Why Indigov Walked Away From Traditional VC: A Contrarian Path to Building in GovTech
“I had venture funds and individual investors, GPs at funds who had made a lot of money with me in the past,” Alex Kouts revealed in a recent episode of Category Visionaries. Their response to his new venture? “We love you. Anything but government.”
This rejection from investors who had previously offered him blank checks marked the beginning of Indigov’s contrarian approach to building in GovTech. The problem wasn’t lack of market size – with 570,000 elected officials in the U.S., the opportunity was vast. The challenge was convincing investors to bet on an unproven category.

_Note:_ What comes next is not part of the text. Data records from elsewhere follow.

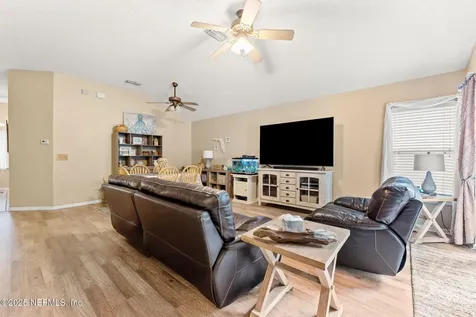 11246 Monument Landing Boulevard Jacksonville FL 32225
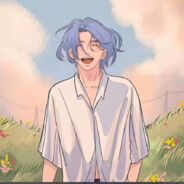 翻斗花园的牛战士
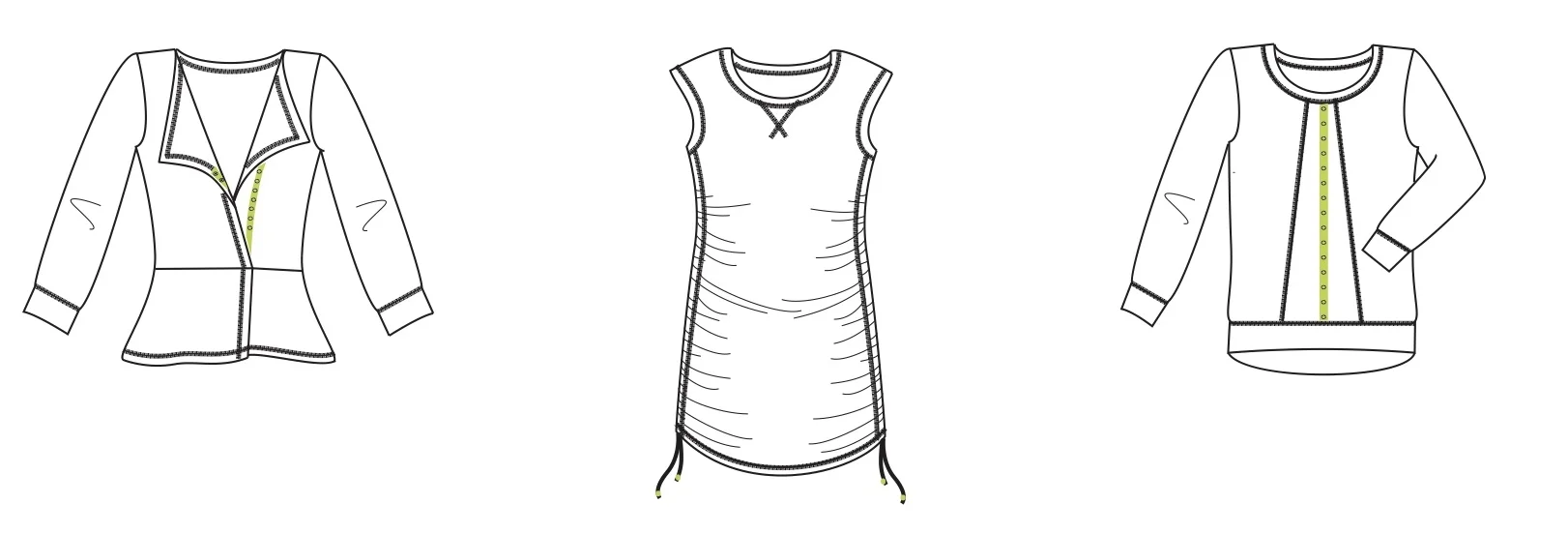 tech drawing 3.jpg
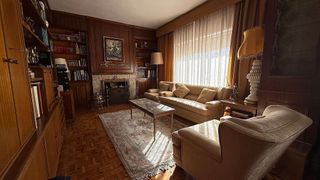 Piso en venta en Franciscanos en Albacete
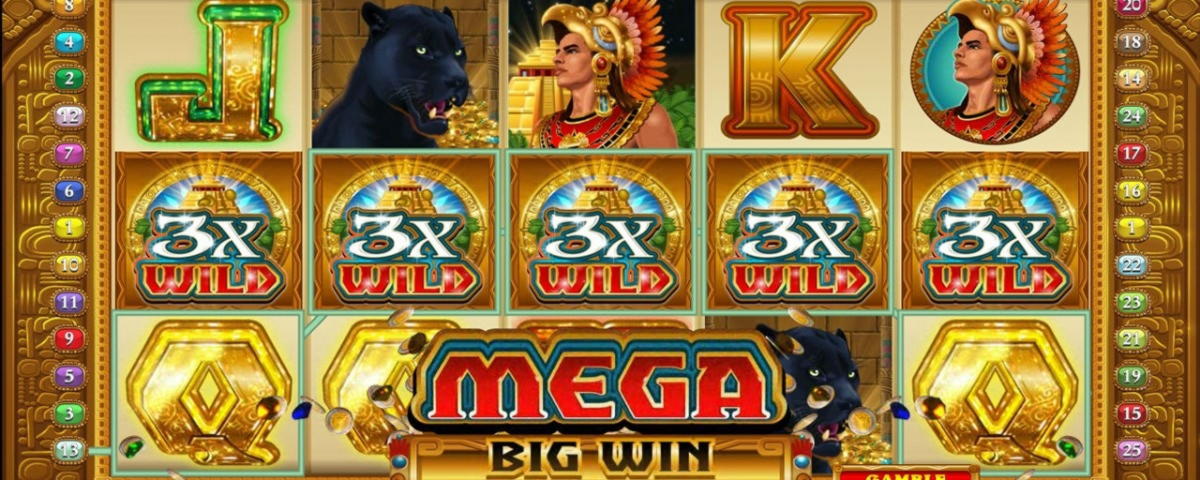 265% Match at a Casino at Cherry Jackpot Casino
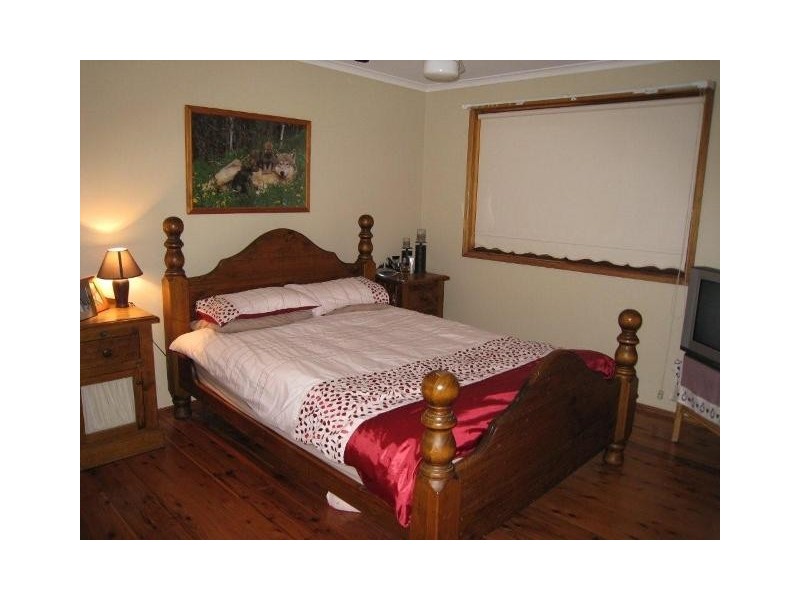 31 Ariel Cres, Cranebrook NSW 2749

“Venture capital funds generally are pack hunters,” Alex explains. “I think the analogy I’ve heard in the past, it’s like they’re like penguins standing on the edge of an iceberg waiting for another penguin to jump in to see if they get eaten by a seal or a shark.”
Instead of chasing traditional VCs, Alex developed a three-part strategy:
- Build Revenue First “We were revenue generating and had significant traction and growth before we raised any money for the company,” Alex notes. This approach gave them leverage in fundraising conversations and validated the market opportunity.
- Find Mission-Aligned Investors Their breakthrough came through connecting with investors who understood the government space. “Our first money into Indigov was a bunch of the founders of Palantir,” Alex shares. These investors became valuable advisors, helping navigate the complexities of selling to government.
- Use Customer Validation During due diligence for their Series A, investor Bradley Tusk asked Alex to pitch to elected representatives he knew. “Everybody that he put us in touch with bought the product in the diligence process,” Alex recalls. “I’ve never actually gotten customers from a diligence process.”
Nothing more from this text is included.